If a second, equally important insight has come out of the dashboard, it is the story about inequality and the various forms it takes across the United States. “How these [abortion] bans affect you really depends, crucially, on who you are and where you live,” Myers says.

People living in states where abortion access had already been severely curtailed before Dobbs, in some cases, saw little change in their ability to access such services. 

“People leaving ban states are hitting a relatively small number of providers on the frontline.”“For instance, states like Missouri,”—the first state to pass a near-total abortion ban after Dobbs—“where they were already down to one [abortion] provider, had almost no change in access as a result of this ban,” notes Myers.

Other states—especially those surrounded by other states that have passed similar bans, saw profound changes in access. When it comes to the travel required to access abortion services, Myers adds that “states like Texas and Louisiana have residents who have experienced increases of hundreds and hundreds of miles.”
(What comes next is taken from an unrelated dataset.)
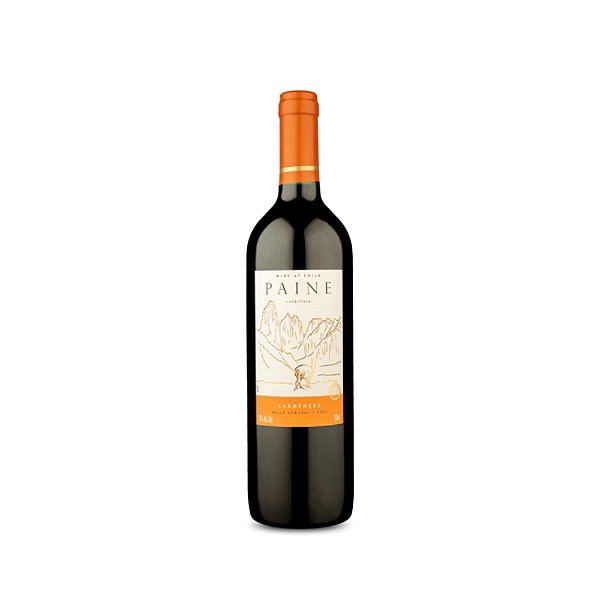 Paine Carmenere 2022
Meanwhile, the project has helped paint a picture of what these shifting burdens mean for providers of abortion services, especially those located at the “borders” of huge swaths of the United States where abortions have been banned. 

“So, what we’re seeing…is that people leaving ban states are hitting a relatively small number of providers on the frontline of so-called haven states to receive them,” says Myers. “And those providers have, in many places, struggled with appointment availability. Not in all places, but we saw it in Kansas, we saw it in New Mexico. This project is documenting that.”

If it’s part of the job of advocates to gauge and communicate the big picture when it comes to abortion access in a post-Dobbs world, the Abortion Access Dashboard is an academic project meant to drill down into what the changing abortion access means at the smallest levels, not just state to state but county to county, across the United States. 

The findings from this ongoing project may help inform policy decisions, political mobilization strategies, and abortion service provider decisions.

But they will also help chronicle the story playing out in real time, right now, of a landscape of inequality when it comes to abortion access in the United States—a story that is far from over.